I was born in Virginia, near Washington DC. I grew up with a mom and dad and a younger sister. My parents are immigrants; they’re from Nigeria. It was wonderful and interesting growing up in a multicultural household; I had a great upbringing. I was raised in a supportive family who told me I could be whoever I wanted to be and do whatever I wanted to do.
However, we were a Black family in an area with mostly white people. Most of my friends growing up were girls who didn’t look like me. The magazines I saw and the TV shows I watched also had girls in it that didn’t look like me. I thought there was something wrong with how I looked because I looked different; it didn’t line up with what I thought was the American standard of beauty.

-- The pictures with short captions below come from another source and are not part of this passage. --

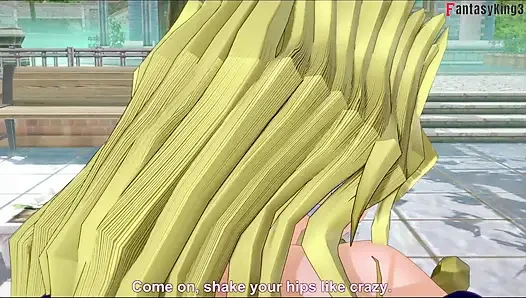 Mai Valentine having sex - Yu Gi Oh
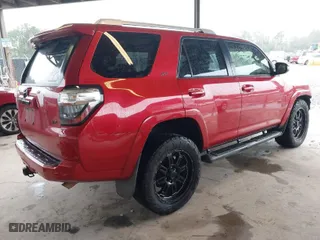 2018 Toyota 4Runner SR5 with VIN JTEZU5JR4J5187653, listed as a IAAI auction lot 40864701 with 96,730 mi miles. Bid and sale history available at carsss.com. Image 4.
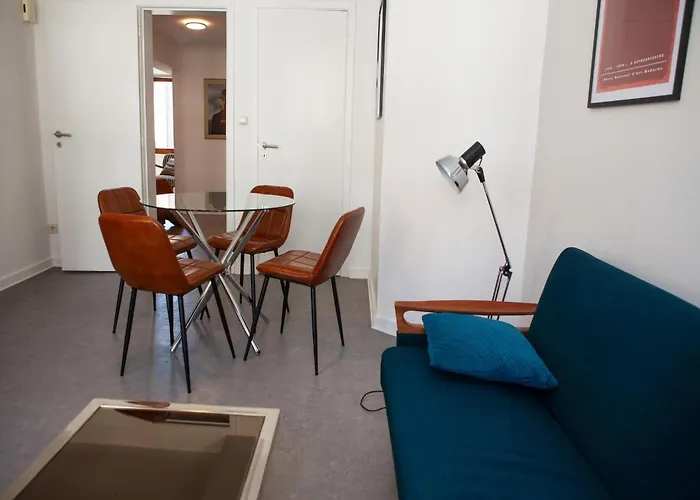 Spacious Verviers City House For 14 Guests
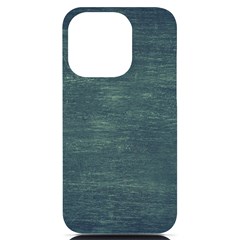 Wooden Wall Iphone 14 Pro Black Uv Print Case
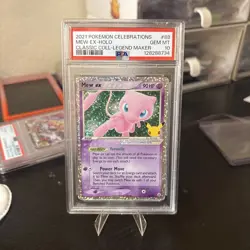 2021 Pokemon Celebrations Classic Collection Mew ex Holo 88/92 PSA 10 - Image 3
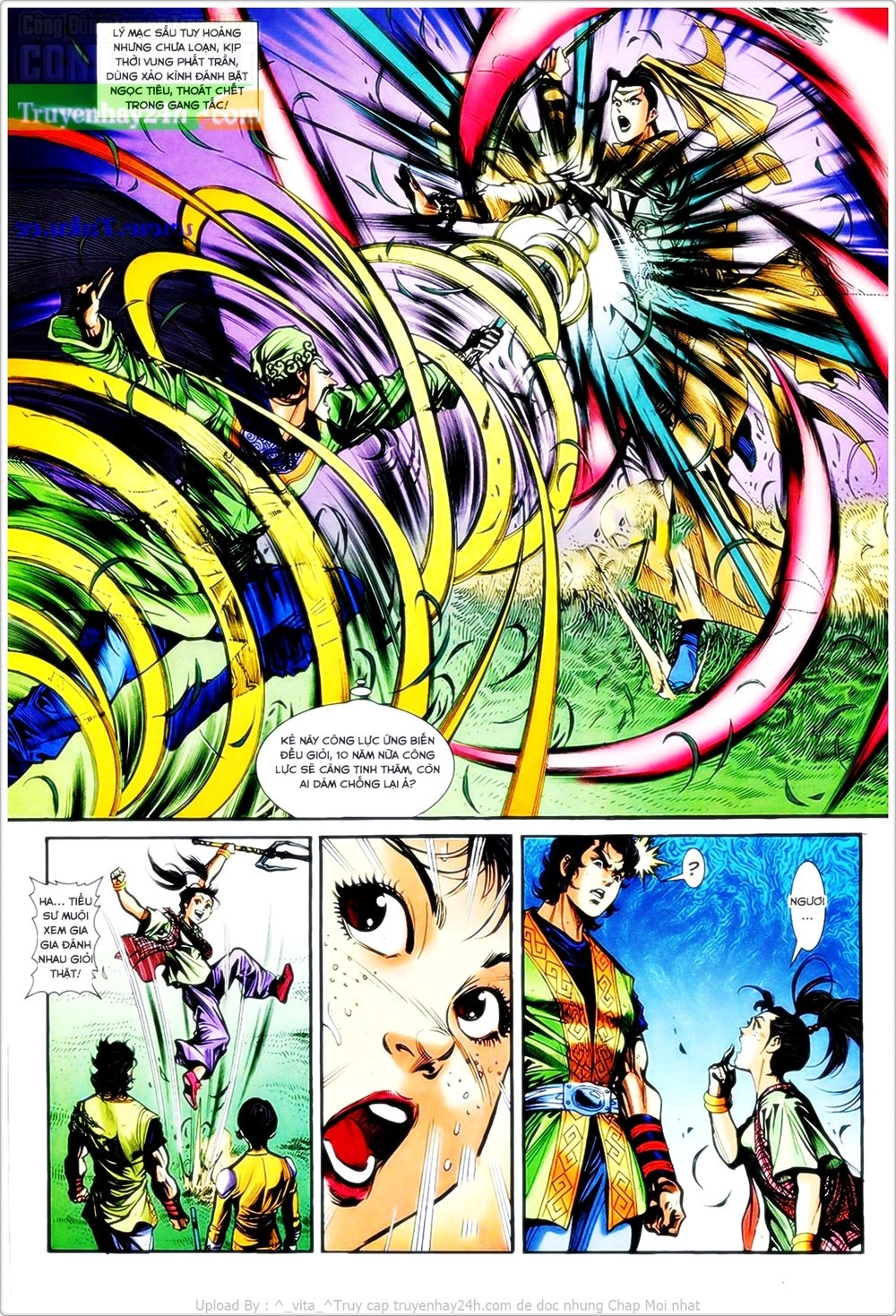 Thần Điêu Hiệp Lữ Chapter 31 - 30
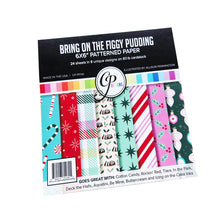 Load image into Gallery viewer, 6X6 PAPER: CATHERINE POOLER DESIGNS-Bring on the Figgy Pudding Patterned Paper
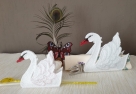 Embroidery file “FSL - Topper Swan” - 2 sizes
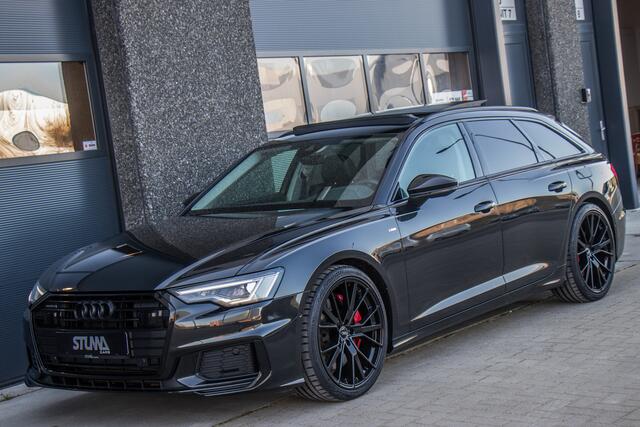 Audi A6 Avant 55 TFSI e Quattro Pro Line S Competition | S-Line | PHEV | 367 PK | Pano | S6 Pack | Black Pack | HUD | 21 Inch Performance | Camera | Keyless | Matrix LED | Tour Pakket | Elec. Leder Sportinterieur | Stuurverwarming | Dealer Onderhouden | 1 Eigenaa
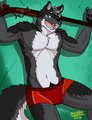 Destova in Undie!! by BadShade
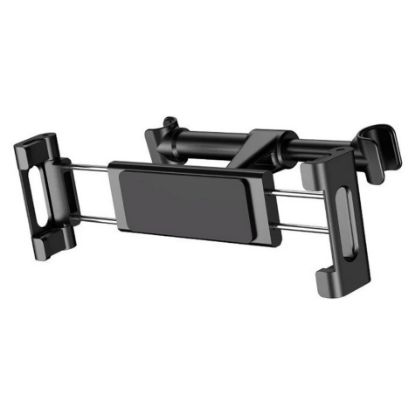 Imagem de Suporte Carro Baseus Tablet Holder Headrest p/ Tablet Preto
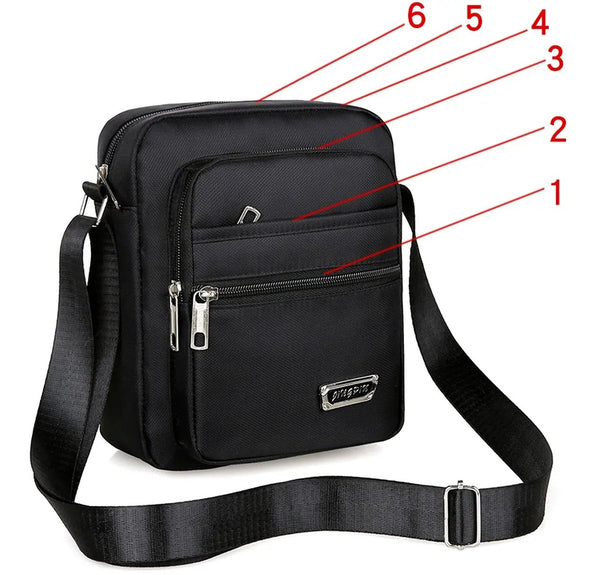 Rankinė vyrams A22 juoda R269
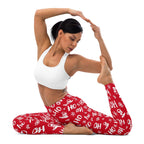 Ho-Ho Holiday Cheer Yoga Leggings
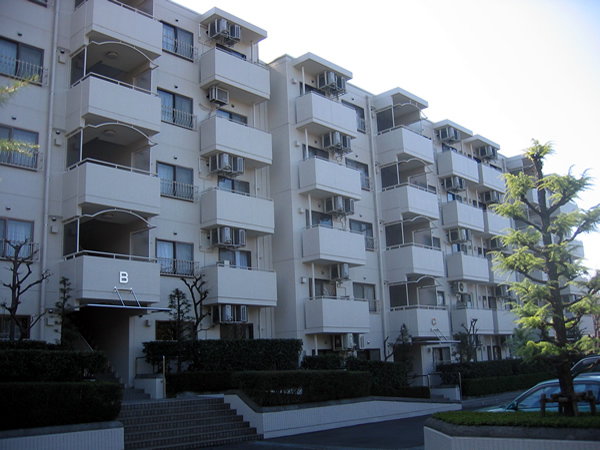 東急ドエルつきみ野セドラスの外観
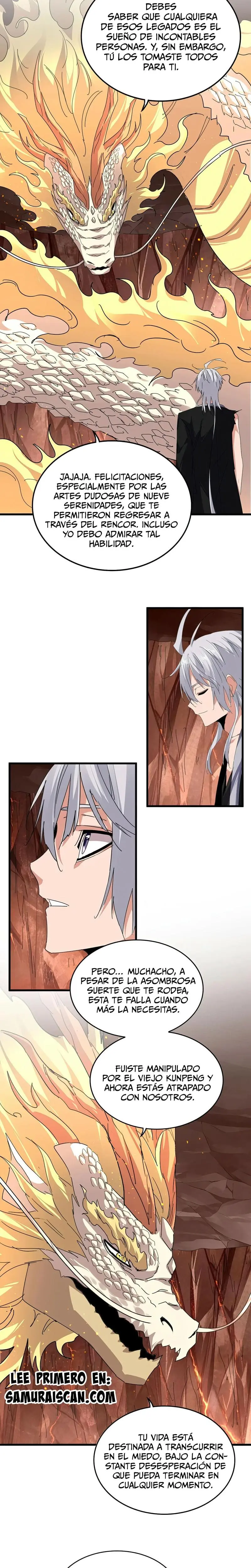 Emperador magico (magic emperor) Capítulo 819 - Page 7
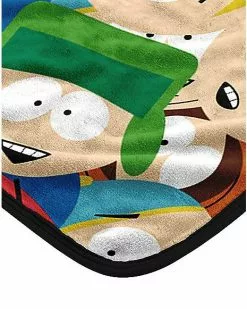 South Park Neon Boys Sherpa Fleece Blanket -Halloween Sales 04127577 e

Growing up, through middle school, high school, and college, I didn’t accept myself. I didn’t think I was beautiful, and I didn’t believe others accepted me either. I never felt like I belonged to one group. I didn’t like my nose, my mouth, or my size. I thought if I looked like the girls in the magazines or on the TV, I’d finally be accepted and understood.
But my problem wasn’t that I wasn’t accepted by others. My problem was that I didn’t accept myself. If I wasn’t going to accept myself, how could I expect anyone else to accept me?
After college, I decided to go to medical school in Colorado. It was the first time that I had left Virginia to live somewhere else. While it was a wonderful and wild new place, the stress of school brought out other stressors buried deep down in my heart. It was finally time for me to come to terms with how I saw myself.
Learning to accept myself was challenging, to say the least. There were a lot of tears. I wanted to be beautiful but didn’t believe I was. I wanted to be accepted and valued and confident, but I didn’t think I could be any of those things because of how I looked. I needed to break down decades of thought patterns of telling myself I wasn’t good enough.
Finally, I turned to the Lord. I asked Him to show me what true beauty means, what true beauty looks like. I asked Him to be the God over my thoughts, and if I believed lies, for them to leave in His name. I only wanted His truth.
After praying and reading His Word, the lies started to chip away, and His thoughts began to sink in. I began to understand that I was created beautifully. I was given a gorgeous face, skin, body, mind, and heart. I could walk confidently in my own skin if I chose. God continued to renew my mind, and the new thoughts started to become my reality.
About 9 months after I had been in Colorado, I started to reflect on my time there so far. I realized that I hadn’t had a negative thought pattern about my appearance in several months. I was overjoyed and thankful for the new ways of thinking that had permeated my life and this lasting sense of confidence the Lord had brought to me.
In the book of James, God promises that the trials we face bring us steadfastness, and we should count it all as joy. I am thankful for the trial that the Lord brought me through during my first year of medical school because it truly changed how I think about myself and others. God showed me that I am fearfully and wonderfully made, as He says in Psalm 139. He created us all with our different, unique, and beautiful characteristics that should be celebrated.
Once I accepted and cherished myself, I was able to see that I was accepted and cherished by others. I built a firm foundation on God, saying that I was beautiful inside and out. From this mindset comes my confidence.